**Problem to work on**
Print the listing below exactly, minus its pictures.

BEGIN Given material

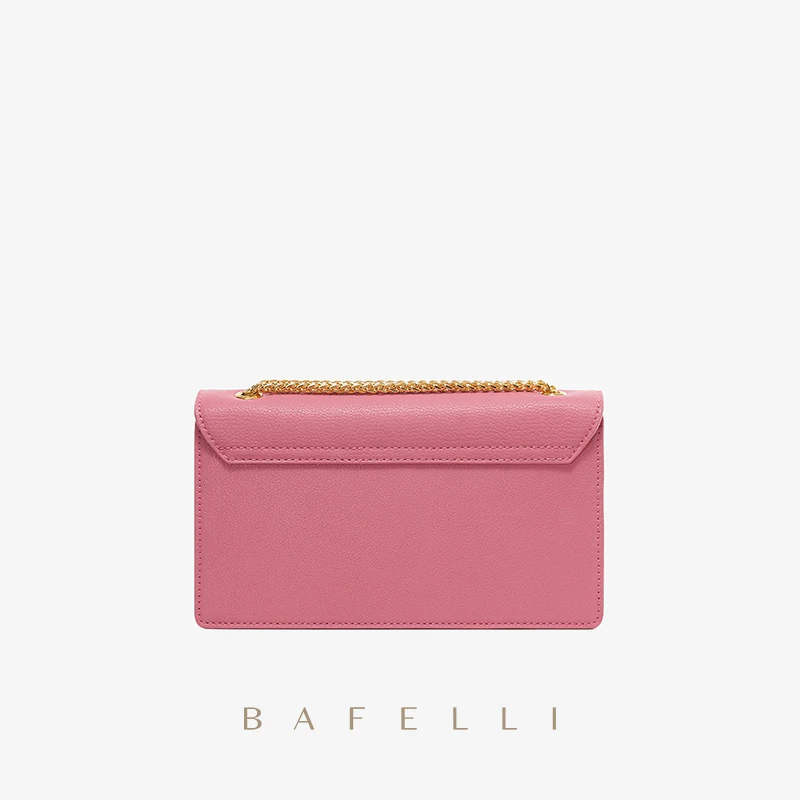 BAFELLI 2023 Ÿ 귣 Ŭ Ÿ м,  ڽ ü   , Ʈ  ũνٵ ڵ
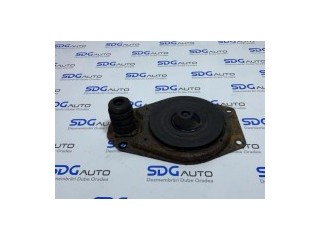 Suport Arc Punte spate Opel Vivaro 1.9 CDTI 2000 - 2006 Euro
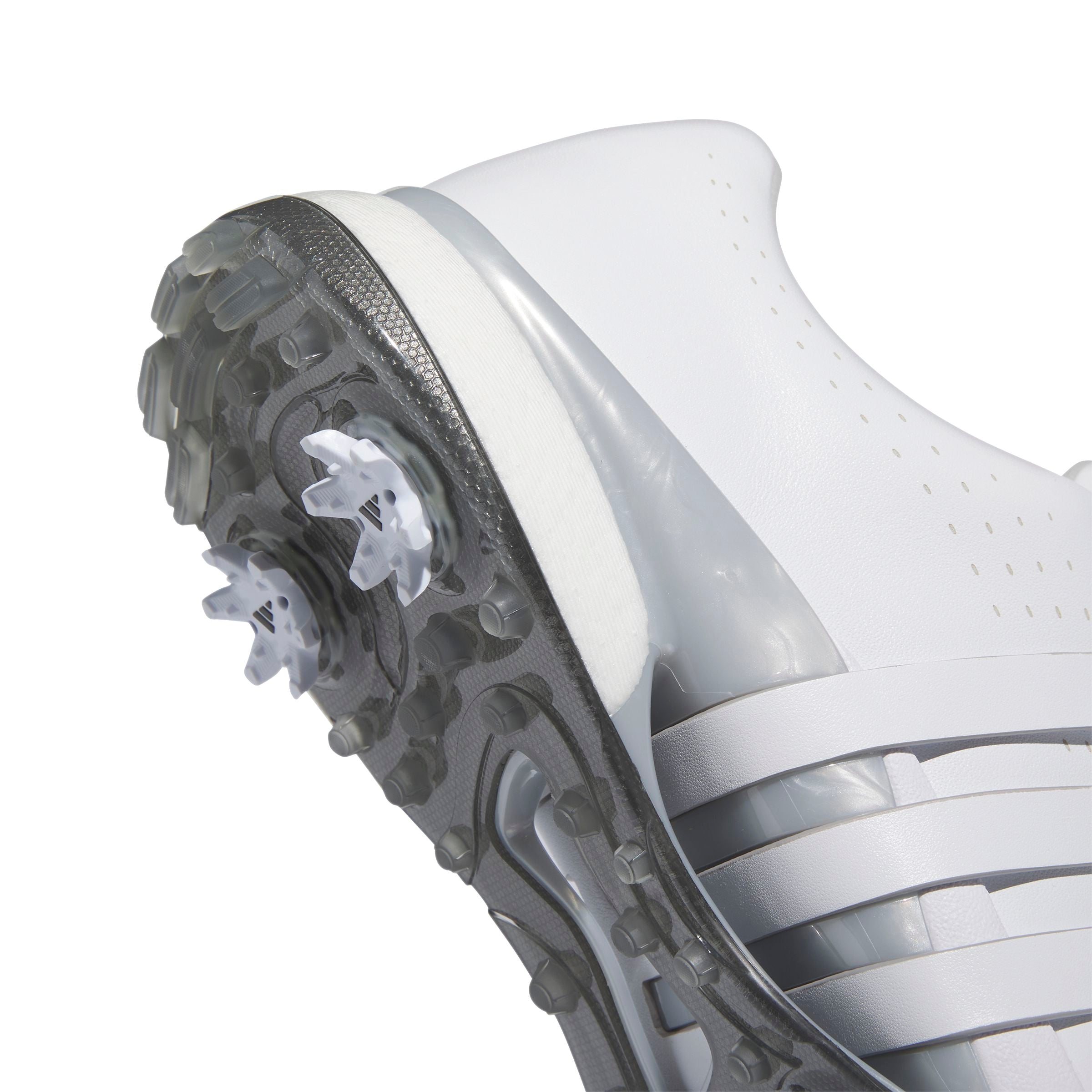 Adidas Chaussure de golf Tour 360 avec chausson large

END Given material

**Result below**
 BAFELLI 2023 Ÿ 귣 Ŭ Ÿ м,  ڽ ü   , Ʈ  ũνٵ ڵ
 Suport Arc Punte spate Opel Vivaro 1.9 CDTI 2000 - 2006 Euro
 Adidas Chaussure de golf Tour 360 avec chausson large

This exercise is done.